Aparco la moto a un lado del restaurante chino en el que voy a pasar las próximas cinco horas (o las que surjan) y me mentalizo para tener una actitud positiva con los clientes. Ellos no tienen la culpa de que me hayan jodido el día de descanso. Ellos se merecen el mejor trato posible. Nada de enfadarte con la clientela. Se respetuosa. Siempre con una sonrisa. Trato amable.


Conforme entro por la zona de la cocina mi compañero Marco me lanza una libretita con siete platos que debo recoger y disponer en la zona de buffet libre. Procedo a saludarle de la manera más agradable que me sale: con el dedo corazón levantado.

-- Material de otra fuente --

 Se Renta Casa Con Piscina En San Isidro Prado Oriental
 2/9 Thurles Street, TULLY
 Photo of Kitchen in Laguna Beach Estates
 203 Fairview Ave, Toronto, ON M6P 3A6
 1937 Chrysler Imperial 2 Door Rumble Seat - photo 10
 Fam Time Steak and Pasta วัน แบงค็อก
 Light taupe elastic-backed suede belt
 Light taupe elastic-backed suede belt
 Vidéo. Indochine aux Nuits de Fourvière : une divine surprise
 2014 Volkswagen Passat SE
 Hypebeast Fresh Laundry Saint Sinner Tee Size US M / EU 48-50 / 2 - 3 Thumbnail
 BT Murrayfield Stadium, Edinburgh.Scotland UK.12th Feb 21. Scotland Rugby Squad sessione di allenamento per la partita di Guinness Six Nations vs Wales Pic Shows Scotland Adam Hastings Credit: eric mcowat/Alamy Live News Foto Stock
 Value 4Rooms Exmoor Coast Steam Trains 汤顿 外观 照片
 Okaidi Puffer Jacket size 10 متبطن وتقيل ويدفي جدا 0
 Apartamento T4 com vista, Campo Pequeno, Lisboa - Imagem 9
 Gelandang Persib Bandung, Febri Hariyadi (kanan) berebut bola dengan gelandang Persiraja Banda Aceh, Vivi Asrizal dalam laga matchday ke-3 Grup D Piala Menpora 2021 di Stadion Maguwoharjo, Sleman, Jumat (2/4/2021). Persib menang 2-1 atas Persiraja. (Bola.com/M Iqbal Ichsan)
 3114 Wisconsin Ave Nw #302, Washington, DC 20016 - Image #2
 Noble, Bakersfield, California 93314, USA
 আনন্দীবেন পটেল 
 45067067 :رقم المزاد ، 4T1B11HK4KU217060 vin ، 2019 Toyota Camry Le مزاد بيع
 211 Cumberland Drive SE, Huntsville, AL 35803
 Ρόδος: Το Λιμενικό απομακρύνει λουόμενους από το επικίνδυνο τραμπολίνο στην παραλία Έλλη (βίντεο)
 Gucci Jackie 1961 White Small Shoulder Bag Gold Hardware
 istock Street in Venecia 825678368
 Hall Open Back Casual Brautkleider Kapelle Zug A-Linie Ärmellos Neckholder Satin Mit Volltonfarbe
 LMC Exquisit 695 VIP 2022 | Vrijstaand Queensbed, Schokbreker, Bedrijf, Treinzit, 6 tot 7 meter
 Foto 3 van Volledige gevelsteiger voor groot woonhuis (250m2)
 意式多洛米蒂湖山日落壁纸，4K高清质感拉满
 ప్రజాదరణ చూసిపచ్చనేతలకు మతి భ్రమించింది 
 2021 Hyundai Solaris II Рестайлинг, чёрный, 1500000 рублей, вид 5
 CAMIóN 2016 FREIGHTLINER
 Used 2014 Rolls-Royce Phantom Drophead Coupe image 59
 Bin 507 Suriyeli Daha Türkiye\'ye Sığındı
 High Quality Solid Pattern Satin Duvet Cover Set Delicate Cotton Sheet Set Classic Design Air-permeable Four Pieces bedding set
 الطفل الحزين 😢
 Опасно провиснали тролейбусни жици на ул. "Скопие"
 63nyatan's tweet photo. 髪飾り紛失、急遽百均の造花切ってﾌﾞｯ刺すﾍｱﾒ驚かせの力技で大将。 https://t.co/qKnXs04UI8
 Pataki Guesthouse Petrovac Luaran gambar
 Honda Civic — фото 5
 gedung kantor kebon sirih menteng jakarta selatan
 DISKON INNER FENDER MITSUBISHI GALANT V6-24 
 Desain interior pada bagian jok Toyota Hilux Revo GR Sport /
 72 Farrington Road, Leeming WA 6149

Que no os engañe mi aireada respuesta: me cae muy bien y es uno de los pocos a los que soporto. Probablemente él opine lo mismo, pero al menos sabe que trabajo bien. Eso sí, que nadie se sorprenda: los dos estamos aquí para pagarnos la carrera. Este no es el trabajo de mis sueños y desde luego trabajar en un restaurante chino no ayuda a que por la calle me distingan por mis rasgos asiáticos. Soy vietnamita, no china.


Esto estaba pensando cuando, al salir de la zona de buffet libre, un hombre me saca de mis pensamientos.


-Perdona, ¿me traes una cerveza a mi mesa?


Acabo de llegar y no tengo ni puñetera idea de cuál es tu mesa, majo. Crack. Fiera. Figura. Mastodonte.


-Sí, claro. ¿Cuál es tu mesa?

-¿Cómo no lo sabes? La de la ballena de cincuenta.

-¿Perdón? ¿Qué ballena?


Este local no tenía decoración marítima de ningún tipo, el mobiliario era el que se podía esperar de un sitio como este y los cuadros no presentaban temas marinos. Y solo había veinte mesas, no sé de dónde se ha sacado este señor el cincuenta. Mientras llenaba un vaso del barril me puse a buscar a algún compañero que me pudiera aclarar cuál era su mesa, pero no tuvo a bien mi perra suerte de acompañarme, así que cogí la bebida y fui a recorrerme el comedor en su búsqueda.


Por supuesto, el ballenístico caballero no había tenido todavía la decencia de regresar a su lugar indicado, así que no podía valerme de eso. ¿Habrá puesto alguien una pegatina de una ballena en algún sitio? O más bien, ¿tantas como para hacer la bandera de Estados Unidos? Lamentablemente, por mucho que crean los comensales que estoy interesada en mirarle la cremallera del pantalón, no encuentro tal distinción ni por arriba ni por debajo de ninguna mesa.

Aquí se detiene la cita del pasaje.